Il vescovo Nikolaos consacrò Paolo, fratello di San Pietro, come vescovo di Corinto, e San Pietro andò da suo fratello e visse con lui, assumendo su di sé la lotta spirituale del silenzio. Dopo un anno alcuni emissari giunsero dal vescovo Paolo, provenienti dalla città di Argo, dove il vescovo era morto, e chiesero San Pietro come loro vescovo. Dopo lunghe ed intense suppliche, San Pietro alla fine diede il suo consenso. Come vescovo, San Pietro si affaticò con zelo nella guida del suo gregge. Era straordinariamente compassionevole, prendendosi cura di quanti erano nel bisogno, specialmente orfani e vedove.

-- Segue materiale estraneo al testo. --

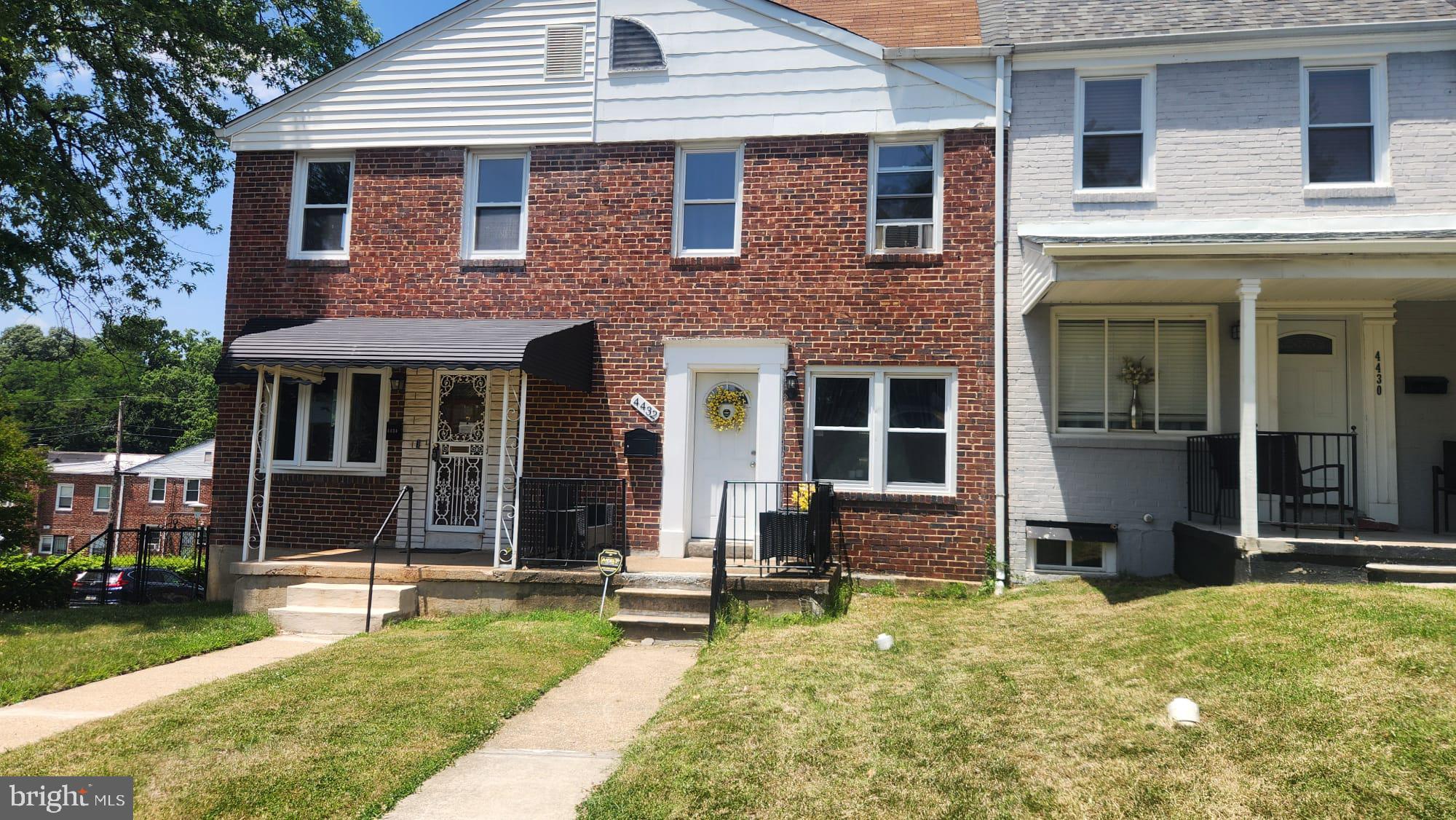 4432 Manorview Road Baltimore, MD 21229 - Photo 24 of 24 Charming brick townhouse with greenery.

Il santo nutrì gli affamati negli anni di carestia. Per mezzo delle sue preghiere il cibo messo da parte per gli affamati non veniva mai a mancare. Il santo inoltre riscattava i prigionieri, guariva i malati e gli afflitti, e possedeva il dono della chiaroveggenza. Il santo predisse il giorno della sua morte, e si dipartì verso il Signore all’età di settant’anni. Le sue reliquie furono trasferite da Argo a Nauplos nel 1421, stillando myron e compiendo miracoli e guarigioni.